##### INPUT DATA

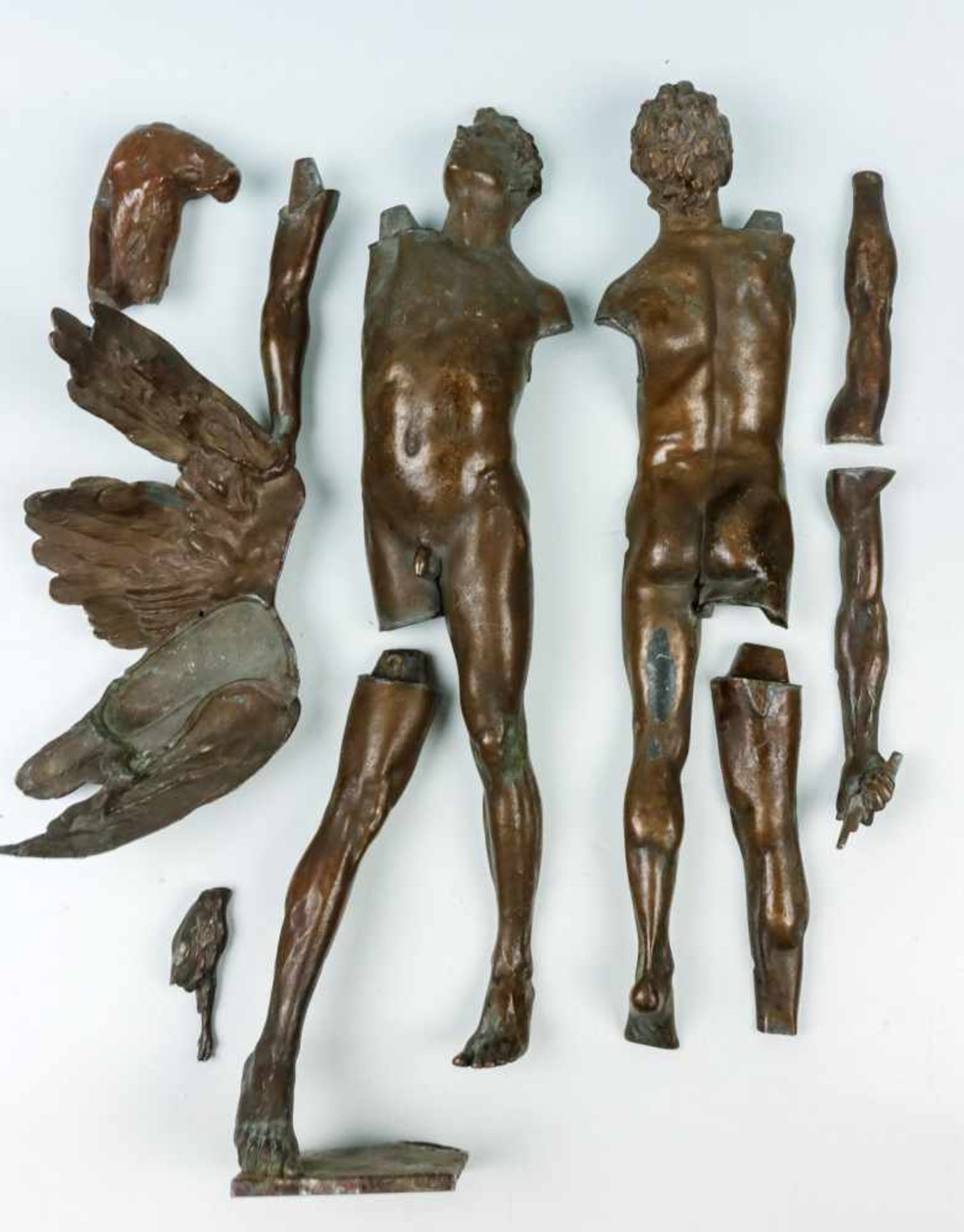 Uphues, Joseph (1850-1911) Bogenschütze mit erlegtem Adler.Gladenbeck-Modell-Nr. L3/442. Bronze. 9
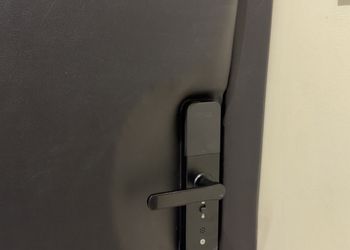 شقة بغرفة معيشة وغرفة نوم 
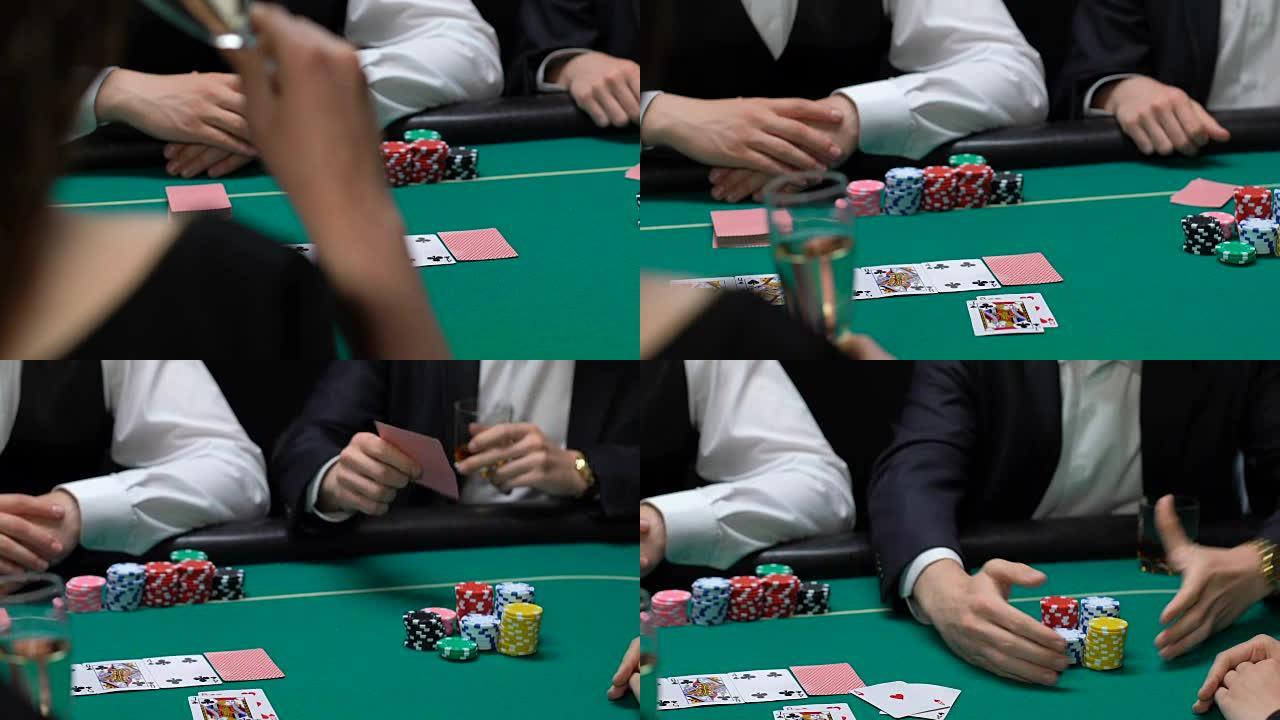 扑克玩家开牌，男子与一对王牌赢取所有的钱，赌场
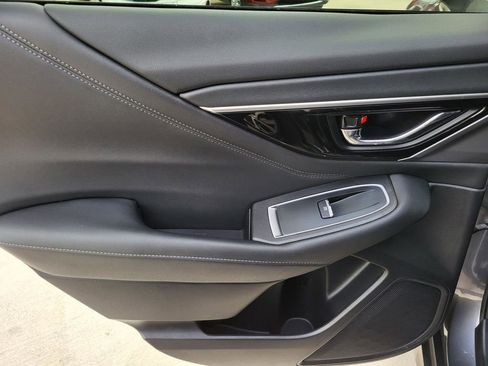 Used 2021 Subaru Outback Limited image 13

##########
##### INPUT DATA

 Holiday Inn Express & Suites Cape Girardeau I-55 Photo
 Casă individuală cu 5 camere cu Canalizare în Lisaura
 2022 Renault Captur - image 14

##########

## WHAT NEEDS TO BE DONE:
Out of the data above, transcribe exactly and only the lines starting with the line that has "Holiday Inn Express" and going on through the line that has "2022 Renault Captur - image 14", both included.

## RESPONSE TO THE EXERCISE:
 Holiday Inn Express & Suites Cape Girardeau I-55 Photo
 Casă individuală cu 5 camere cu Canalizare în Lisaura
 2022 Renault Captur - image 14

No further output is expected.